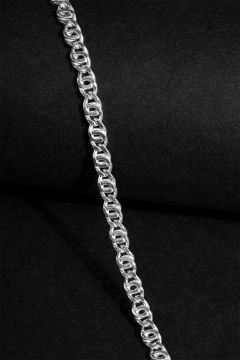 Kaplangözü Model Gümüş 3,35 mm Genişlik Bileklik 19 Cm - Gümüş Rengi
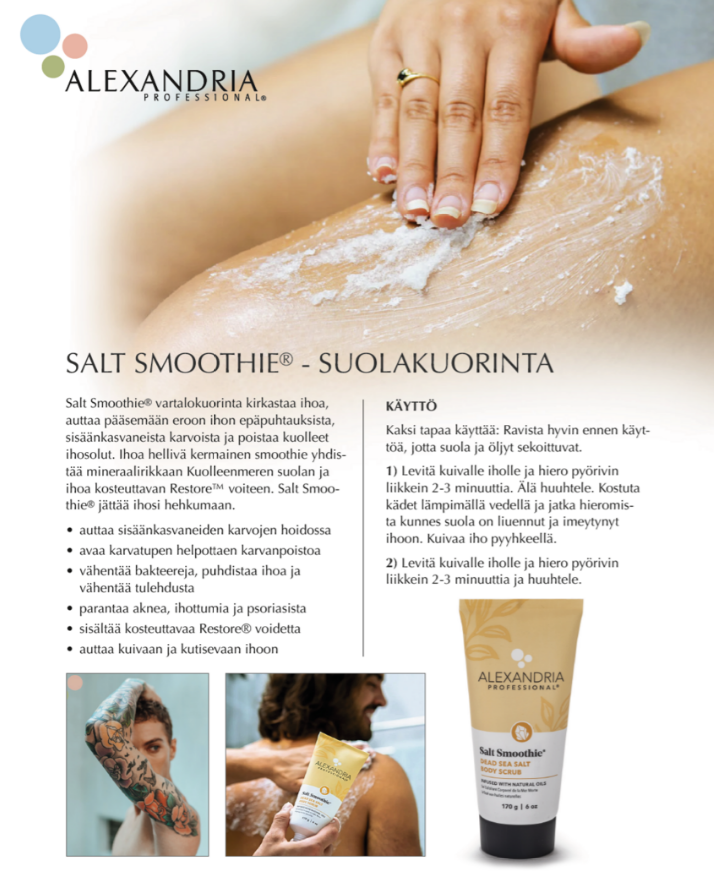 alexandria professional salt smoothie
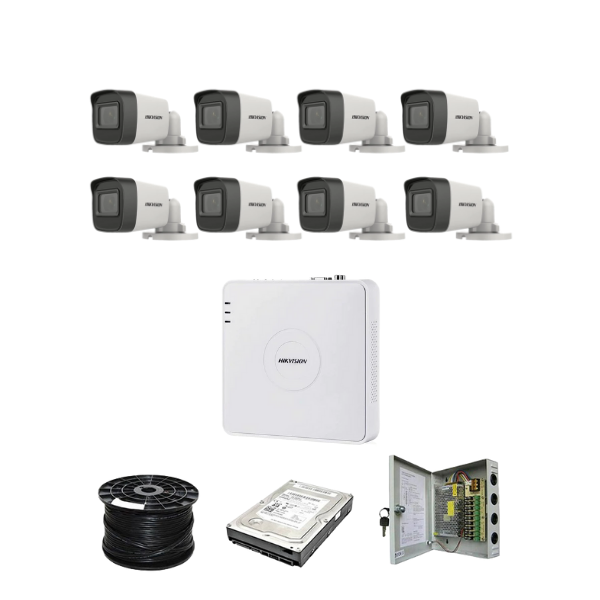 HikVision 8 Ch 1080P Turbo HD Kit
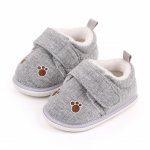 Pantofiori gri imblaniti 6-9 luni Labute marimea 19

_ _ _ _

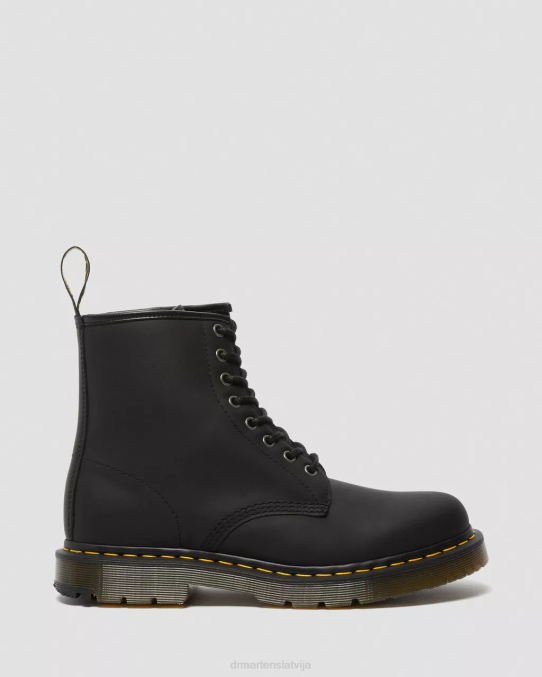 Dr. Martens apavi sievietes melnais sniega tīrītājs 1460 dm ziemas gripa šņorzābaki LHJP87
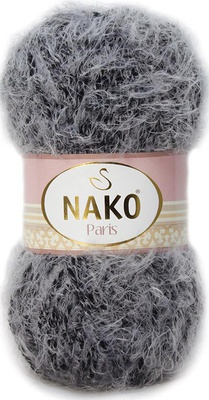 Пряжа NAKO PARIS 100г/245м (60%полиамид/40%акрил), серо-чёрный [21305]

_ _ _ _

What you will do:
From the records above, copy exactly the lines starting at the one with "alexandria professional salt smoothie" and ending at the one with "Pantofiori gri imblaniti", and no others. Pictures stay out.

Your response:
 alexandria professional salt smoothie
 HikVision 8 Ch 1080P Turbo HD Kit
 Pantofiori gri imblaniti 6-9 luni Labute marimea 19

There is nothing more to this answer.